Anguilliformes (Eels)

The eels is a group of elongated fishes ranging from small 5 cm to 4 metres. The majority being predators. Some species of similar shape (like electric and spiny eels) do not belong to the Anguilliformes order. There are about 800 described species in this order.

 

Aulopiformes (Lizardfishes)

Aulopiformes is an order of marine ray-finned fishes sometimes called grinners or lizard fishes. The order is distinct by their common structure of their gill arches. There are about 15 described species of this order.

 

Beryciformes

Beryciformes is an order of ray-finned fishes. There are no distinct characters for this order and some have questioned the relevance of the order. Most species are marine, living at great depths avoiding bright light. There are about 220 described species in this group.

 

Cetomimiformes (Whalefishes)

Cetomimiformes (Whalefishes) is an order of small deep sea fishes. It is also the sister order of the Beryciformes. They are distinct in having very large mouths and highly distensible stomachs. Some species have been found to occur at depths more than 3.500 meters.

 

Clupeiformes (Herrings)

Clupeiformes is an order of fishes that typically lacks the lateral line. The species are often silvery and stream lined. Many have a tendency to form large groups. There are about 300 described species in this group.

 

Gadiformes (Cods)

Gadiformes is an order of ray-finned fishes that includes the cod and its allies. The majority of species are marine living all over the world, but, there also exists a few freshwater species. There are about 475 described species belonging to this order.

 

Gasterosteiformes (Sticklebacks and relatives)
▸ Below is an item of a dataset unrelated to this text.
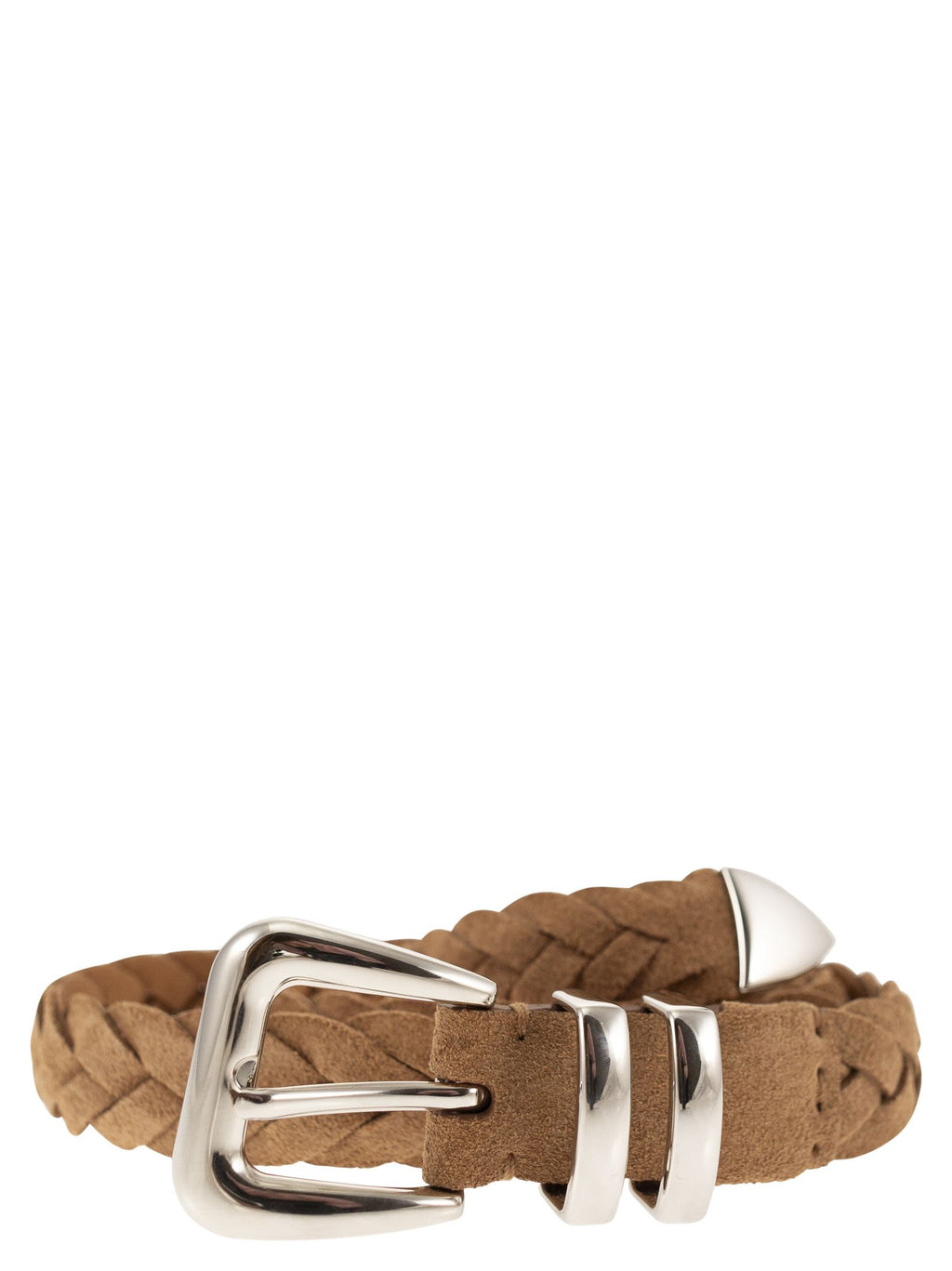 Brunello Cucinelli Men Reversed Calfskin Belt With Braided Tip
Gasterosteiformes is an order of fishes that includes the sticklebacks and relatives. Instead of scales the body is covered with dermal plates. There are some confusion to the actual taxonomy related to this order. There are about 59 species belonging to this group.

 

Lampriformes (lamprids)


Lampriformes is an order of deep sea fishes such as the crestfishes, oarfish, opahs and ribbonfishes. The scientific name refers to the body shape of the fishes, meaning "shaped like the bright ones". The species are pelagic feeders and are normally found between 100 - 1000 meters depth. There are about 50 living species of this order.

 

Lophiiformes (Anglerfishes)

Lophiiformes or anglerfishes are an order of fish characterized by their special form of predation. From the fish head is a fleshy growth which acts as a lure to attract prey. There are described about 300 species belonging to this order.

 

Myctophiformes (Lanternfishes and Blackchins)

Myctophiformes is an order of ray-finned species consisting of two families: Myctophidae (lanternfishes) and Neoscopelidae (blackchins). The species often have large eyes and mouths. There are about 250 described species belonging to this order.

 

Notacanthiformes (Spiny eels)

Notacanthiformes is an order of deep sea ray-finned fishes, consisting of the families Halosauridae and Notacanthidae (spiny eels). The species are eel like and the caudal fin has disappeared from the species. The Notacanthiformes have a leptocephalous ("glass eel") larval stage. There are about 75 described species belonging to this order.

 

Osmeriformes (Smelts)


Osmeriformes is a broad order of fishes including the species of pike and salmon among many. The name “Osmeriformes” means “smelt-shaped” and, thus, refers to the body-shape of the fishes. There are about 90 described species belonging to this order.

 

Perciformes (Perch-likes)

The Perciformes (sometimes called the Percomorphi or Acanthopteri) is a large order of ray-finned fishes containing about 40% of all bony fishes. Perciformes refer to a perch-like appearance. The order is very various and contains both marine and freshwater species. There are about 7,000 described species belonging to this order.

 

Pleuronectiformes (Flatfishes)

Pleuronectiformes is an order of ray-finned fishes characterized by their flat shape. Pleuronectiformes also mean “side-swimmers”. Some species are able to almost disappear on the ocean floor with only their eyes being visible. There are about 400 described species belonging to this order.

 

Saccopharyngiformes (Swallowers and gulpers)

Saccopharyngiformes is an unusual order of fishes. The group mainly consists of deep sea species many with the ability to consume prey larger than themselves. There are about 400 described species belonging to this order.

 

Salmoniformes (Salmons)

Salmoniformes or the Salmons is a small group of fishes with large cultural and economic value. Many species of salmons have a life cycle involving both a feshwater and a saltwater stage. There are about 66 described species belonging to this group.

 

Scorpaeniformes (Mail-cheeked fishes)

Scorpaeniformes is an order of ray-finned fishes also known as the “mail-cheeked” fishes. The species are predators often living of small crustaceans and fishes. There are about 1320 described species belong to this group.

 

Stomiiformes (Stomias-shaped fishes)

Stomiiformes is an order of deep-sea ray-finned fishes and includes for example dragonfishes, lightfishes, loosejaws, marine hatchetfishes and viperfishes. Stomiiformes means “stomias-shaped”. The species can be found all over the world. There are about 400 described species belonging to this order.